Of course, winning the Brexit peace is far from over. The Remain camp, which commands a numerical majority in Parliament and widespread support among the Establishment, has yet to run up the white flag. Aided by its friends in the Treasury, it will seek to cloud and confuse Brexit, urging some kind of compromise that keeps us half in and half out of the single market and makes concessions on free movement of people. Brexit-lite rather than the clean break that is the logical consequence of the June vote.
Yet, after the Prime Minister’s clear lead in Birmingham yesterday, backed by the three key Brexiteers among her ministers and leading Tory Eurosceptics, the impression grows that the case for a swift and straightforward break with the EU is gaining ground. Washed up relics of the European age, such as Anna Soubry, Ken Clarke, and Nicky Morgan, may holler from the sidelines, but the Tory Party, not least the careerists who make up most of its numbers, can see the way the wind is blowing. Brexit really does mean Brexit (Just ask Mrs May).
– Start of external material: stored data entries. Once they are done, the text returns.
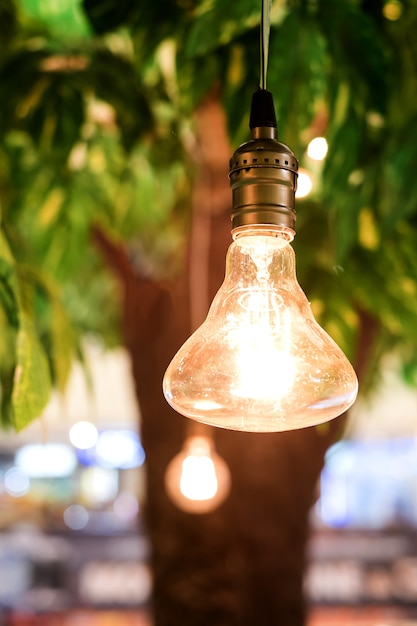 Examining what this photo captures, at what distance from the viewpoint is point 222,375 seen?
18.9 inches

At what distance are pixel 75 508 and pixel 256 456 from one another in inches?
203

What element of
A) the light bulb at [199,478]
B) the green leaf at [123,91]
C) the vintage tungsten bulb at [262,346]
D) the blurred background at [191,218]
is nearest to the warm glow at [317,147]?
the blurred background at [191,218]

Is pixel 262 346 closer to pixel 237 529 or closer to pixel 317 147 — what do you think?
pixel 317 147

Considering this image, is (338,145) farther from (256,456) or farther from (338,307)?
(256,456)

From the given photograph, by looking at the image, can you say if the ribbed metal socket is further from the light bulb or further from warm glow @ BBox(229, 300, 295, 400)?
the light bulb

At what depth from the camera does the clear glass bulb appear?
477 millimetres

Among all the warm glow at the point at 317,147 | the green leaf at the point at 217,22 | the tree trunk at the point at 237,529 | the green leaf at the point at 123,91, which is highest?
the green leaf at the point at 123,91

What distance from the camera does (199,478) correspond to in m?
1.55

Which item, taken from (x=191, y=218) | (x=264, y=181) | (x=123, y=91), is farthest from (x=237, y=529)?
(x=264, y=181)

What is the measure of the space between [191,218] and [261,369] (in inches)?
43.9

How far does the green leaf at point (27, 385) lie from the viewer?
534mm

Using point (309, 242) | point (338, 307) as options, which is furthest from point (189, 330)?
point (338, 307)

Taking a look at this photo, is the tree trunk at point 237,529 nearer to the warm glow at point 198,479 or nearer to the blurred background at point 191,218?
the blurred background at point 191,218

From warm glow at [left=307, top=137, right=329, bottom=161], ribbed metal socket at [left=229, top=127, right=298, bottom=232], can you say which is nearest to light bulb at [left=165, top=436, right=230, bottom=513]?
warm glow at [left=307, top=137, right=329, bottom=161] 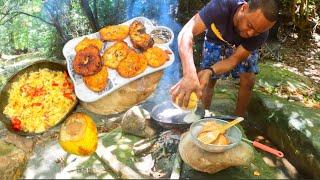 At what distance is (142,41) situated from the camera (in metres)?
3.90

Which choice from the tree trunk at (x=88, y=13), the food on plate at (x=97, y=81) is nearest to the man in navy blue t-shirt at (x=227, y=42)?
the food on plate at (x=97, y=81)

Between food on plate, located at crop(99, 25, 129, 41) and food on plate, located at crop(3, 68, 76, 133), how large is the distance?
0.57 meters

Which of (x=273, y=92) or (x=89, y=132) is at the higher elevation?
(x=89, y=132)

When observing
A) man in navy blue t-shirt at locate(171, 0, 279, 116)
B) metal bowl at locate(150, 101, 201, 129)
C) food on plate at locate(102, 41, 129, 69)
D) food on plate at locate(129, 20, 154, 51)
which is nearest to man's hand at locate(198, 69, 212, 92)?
man in navy blue t-shirt at locate(171, 0, 279, 116)

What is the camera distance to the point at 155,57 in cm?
385

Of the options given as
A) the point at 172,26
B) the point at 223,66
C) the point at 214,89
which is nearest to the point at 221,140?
the point at 223,66

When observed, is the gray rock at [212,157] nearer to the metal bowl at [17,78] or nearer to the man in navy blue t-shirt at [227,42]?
the man in navy blue t-shirt at [227,42]

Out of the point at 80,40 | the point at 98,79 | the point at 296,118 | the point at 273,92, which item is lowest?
the point at 273,92

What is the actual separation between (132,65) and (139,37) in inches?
13.0

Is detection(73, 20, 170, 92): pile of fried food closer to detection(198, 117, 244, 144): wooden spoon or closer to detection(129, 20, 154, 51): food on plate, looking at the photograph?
detection(129, 20, 154, 51): food on plate

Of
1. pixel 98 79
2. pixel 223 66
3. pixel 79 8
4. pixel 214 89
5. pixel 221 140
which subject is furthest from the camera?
pixel 79 8

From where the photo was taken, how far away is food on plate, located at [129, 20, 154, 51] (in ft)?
12.8

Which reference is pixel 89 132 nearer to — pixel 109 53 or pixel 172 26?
pixel 109 53

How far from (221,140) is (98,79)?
1.35 m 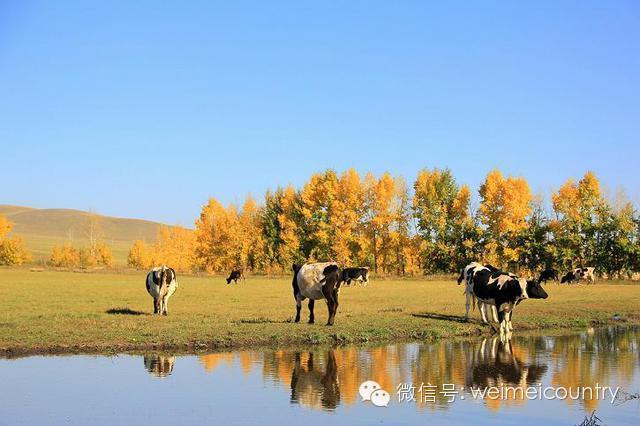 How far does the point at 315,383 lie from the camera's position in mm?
14453

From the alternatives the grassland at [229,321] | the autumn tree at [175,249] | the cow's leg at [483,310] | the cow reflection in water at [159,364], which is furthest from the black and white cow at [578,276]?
the autumn tree at [175,249]

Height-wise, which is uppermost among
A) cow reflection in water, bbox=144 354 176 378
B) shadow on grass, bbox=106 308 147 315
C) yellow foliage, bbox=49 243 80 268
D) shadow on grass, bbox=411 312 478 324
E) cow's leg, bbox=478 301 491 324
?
yellow foliage, bbox=49 243 80 268

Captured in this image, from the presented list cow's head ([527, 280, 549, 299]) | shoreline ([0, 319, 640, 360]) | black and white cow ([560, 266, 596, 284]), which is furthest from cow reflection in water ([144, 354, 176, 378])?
black and white cow ([560, 266, 596, 284])

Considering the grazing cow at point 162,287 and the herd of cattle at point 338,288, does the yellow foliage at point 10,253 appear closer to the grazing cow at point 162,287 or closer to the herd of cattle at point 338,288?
the grazing cow at point 162,287

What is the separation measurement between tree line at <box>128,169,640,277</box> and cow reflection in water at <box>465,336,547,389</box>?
51.9 metres

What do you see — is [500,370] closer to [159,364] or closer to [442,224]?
[159,364]

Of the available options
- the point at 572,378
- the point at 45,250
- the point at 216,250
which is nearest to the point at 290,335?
the point at 572,378

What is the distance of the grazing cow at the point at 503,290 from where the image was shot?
2372cm

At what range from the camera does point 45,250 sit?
606 ft

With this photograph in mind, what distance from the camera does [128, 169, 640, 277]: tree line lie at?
2756 inches

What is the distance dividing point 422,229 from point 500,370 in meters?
60.6

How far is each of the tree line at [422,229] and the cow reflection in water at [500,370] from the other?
51.9 meters

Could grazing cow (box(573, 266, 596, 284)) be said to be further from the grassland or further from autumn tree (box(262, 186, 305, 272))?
autumn tree (box(262, 186, 305, 272))

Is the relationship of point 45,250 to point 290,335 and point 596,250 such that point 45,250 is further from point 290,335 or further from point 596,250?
point 290,335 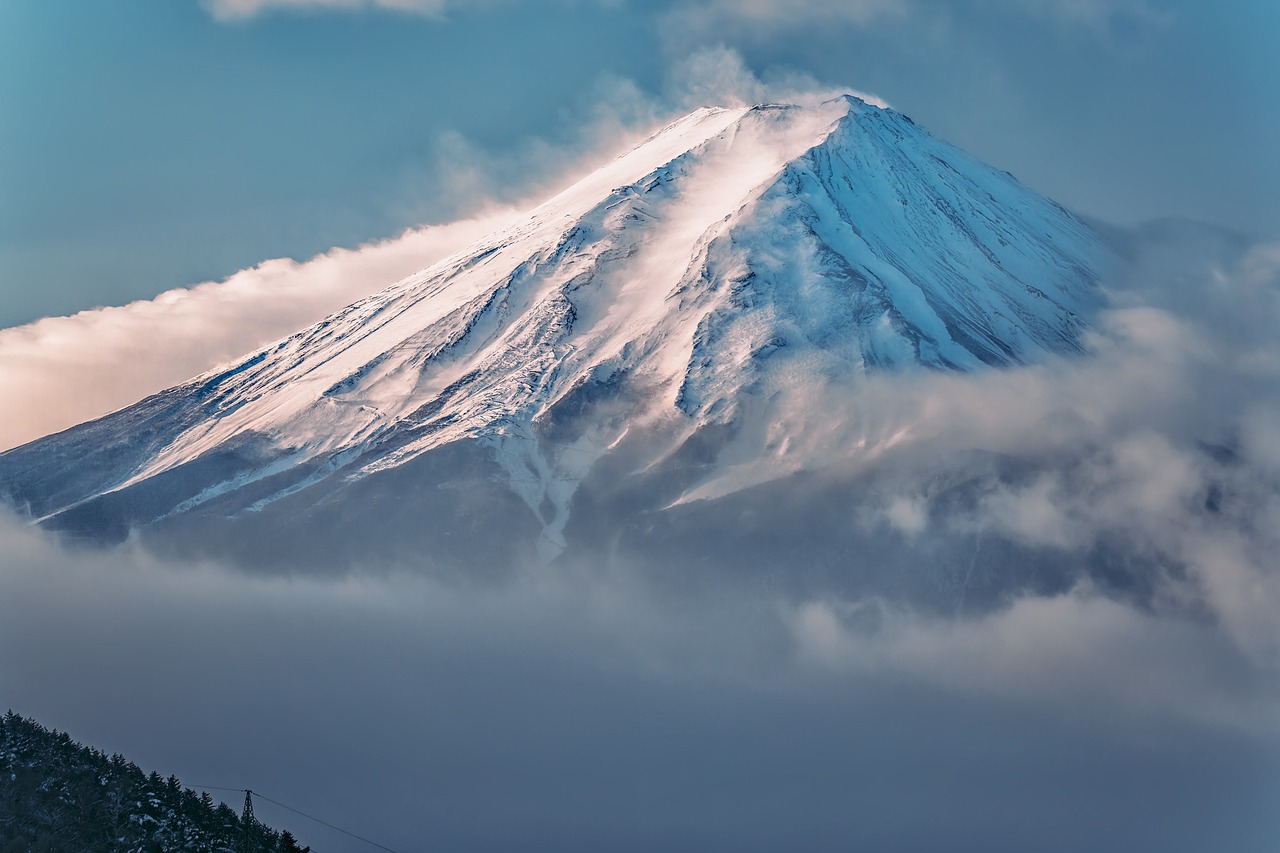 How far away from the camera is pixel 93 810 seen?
89938 mm

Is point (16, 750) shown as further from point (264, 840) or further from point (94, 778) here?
point (264, 840)

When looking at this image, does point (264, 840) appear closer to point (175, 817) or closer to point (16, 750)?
point (175, 817)

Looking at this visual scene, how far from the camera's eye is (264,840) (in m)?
93.9

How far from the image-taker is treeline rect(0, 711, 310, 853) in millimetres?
87688

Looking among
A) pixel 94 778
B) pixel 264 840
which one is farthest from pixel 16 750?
pixel 264 840

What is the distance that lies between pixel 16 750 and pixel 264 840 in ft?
44.2

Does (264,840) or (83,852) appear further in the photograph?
(264,840)

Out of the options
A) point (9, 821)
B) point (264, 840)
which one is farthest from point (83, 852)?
point (264, 840)

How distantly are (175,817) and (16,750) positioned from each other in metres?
9.11

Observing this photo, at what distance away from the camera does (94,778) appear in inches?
3644

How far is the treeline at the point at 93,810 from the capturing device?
87688 millimetres

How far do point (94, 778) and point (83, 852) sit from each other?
6512 millimetres

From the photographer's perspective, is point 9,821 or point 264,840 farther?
point 264,840

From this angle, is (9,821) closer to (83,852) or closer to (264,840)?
(83,852) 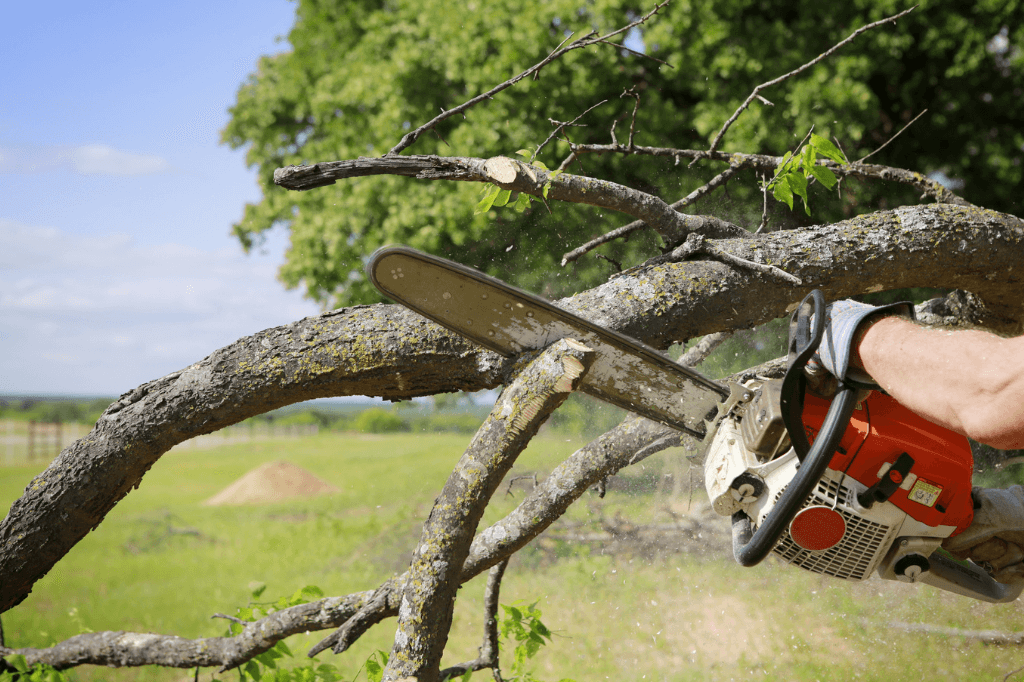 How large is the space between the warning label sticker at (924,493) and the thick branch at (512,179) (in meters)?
0.96

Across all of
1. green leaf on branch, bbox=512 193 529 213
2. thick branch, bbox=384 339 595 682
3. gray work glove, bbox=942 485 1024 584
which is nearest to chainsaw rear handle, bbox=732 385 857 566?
thick branch, bbox=384 339 595 682

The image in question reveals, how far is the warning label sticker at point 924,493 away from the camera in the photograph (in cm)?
135

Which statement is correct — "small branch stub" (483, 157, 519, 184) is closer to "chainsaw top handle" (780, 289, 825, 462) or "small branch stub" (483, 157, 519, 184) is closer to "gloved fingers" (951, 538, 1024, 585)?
"chainsaw top handle" (780, 289, 825, 462)

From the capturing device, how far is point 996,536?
1581mm

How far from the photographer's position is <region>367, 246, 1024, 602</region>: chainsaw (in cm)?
122

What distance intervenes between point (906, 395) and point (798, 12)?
666 centimetres

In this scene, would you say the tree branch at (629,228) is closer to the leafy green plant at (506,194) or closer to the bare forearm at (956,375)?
the leafy green plant at (506,194)

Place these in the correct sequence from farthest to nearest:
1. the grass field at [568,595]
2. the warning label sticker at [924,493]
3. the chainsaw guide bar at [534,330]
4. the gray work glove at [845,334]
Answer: the grass field at [568,595] → the warning label sticker at [924,493] → the chainsaw guide bar at [534,330] → the gray work glove at [845,334]

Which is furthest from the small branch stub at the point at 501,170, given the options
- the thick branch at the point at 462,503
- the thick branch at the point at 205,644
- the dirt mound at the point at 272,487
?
the dirt mound at the point at 272,487

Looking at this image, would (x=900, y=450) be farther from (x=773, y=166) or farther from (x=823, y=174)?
(x=773, y=166)

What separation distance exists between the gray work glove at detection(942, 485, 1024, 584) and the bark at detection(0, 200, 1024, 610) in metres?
0.73

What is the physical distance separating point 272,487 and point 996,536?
40.9 feet

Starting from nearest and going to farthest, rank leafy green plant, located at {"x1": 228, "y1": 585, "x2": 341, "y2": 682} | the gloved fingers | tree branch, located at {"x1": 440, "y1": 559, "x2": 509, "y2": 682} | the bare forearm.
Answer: the bare forearm → the gloved fingers → leafy green plant, located at {"x1": 228, "y1": 585, "x2": 341, "y2": 682} → tree branch, located at {"x1": 440, "y1": 559, "x2": 509, "y2": 682}

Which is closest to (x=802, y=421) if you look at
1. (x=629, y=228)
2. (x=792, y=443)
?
(x=792, y=443)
The Prime Minister’s next big challenge at the Birmingham party conference is to give the country a better idea of who she is and where she is leading us. So far, we know that she is a vicar’s daughter, likes walking and watching cricket, and can bake scones. Her style is that of a private school headmistress, concerned but a touch remote.
As for political direction, we know she wants a country that works for everyone – so expect a lot more on social mobility and moves to address the concerns of those who voted Leave in the referendum because they believe they have nothing to lose.